[Short descriptive text snippets]
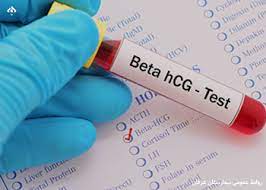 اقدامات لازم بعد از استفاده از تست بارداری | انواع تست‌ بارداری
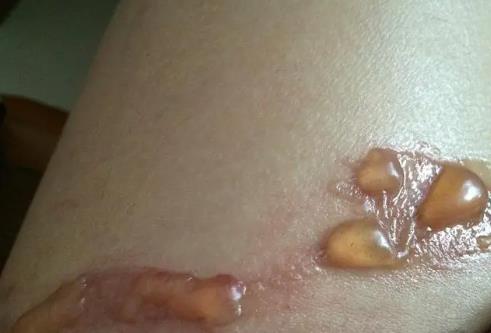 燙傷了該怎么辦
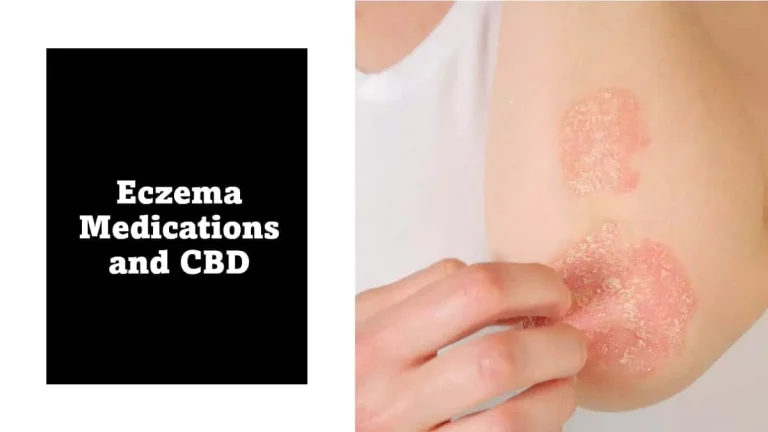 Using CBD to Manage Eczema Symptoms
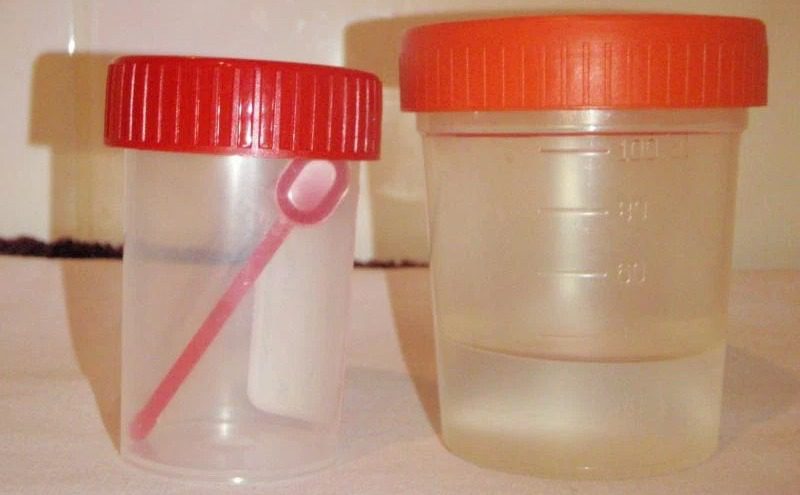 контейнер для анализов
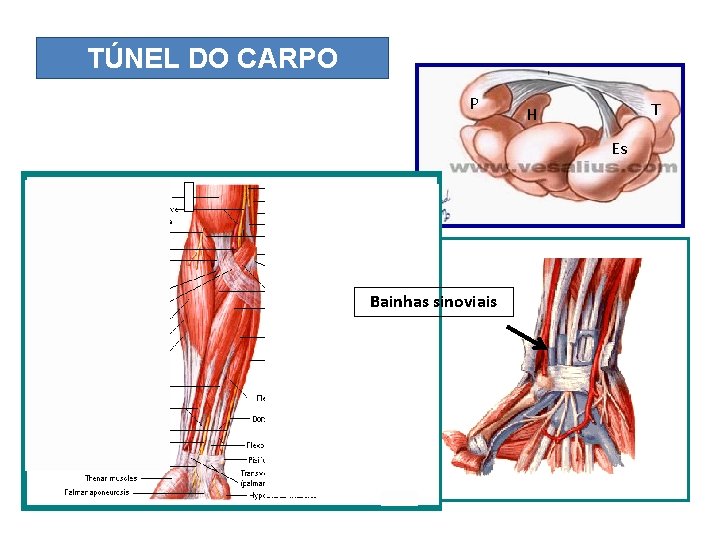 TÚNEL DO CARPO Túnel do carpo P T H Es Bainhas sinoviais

### [EXERCISE DETAILS]
With the images excluded, output every record verbatim.

### [RESULT OF THIS TASK]
 اقدامات لازم بعد از استفاده از تست بارداری | انواع تست‌ بارداری
 燙傷了該怎么辦
 Using CBD to Manage Eczema Symptoms
 контейнер для анализов
 TÚNEL DO CARPO Túnel do carpo P T H Es Bainhas sinoviais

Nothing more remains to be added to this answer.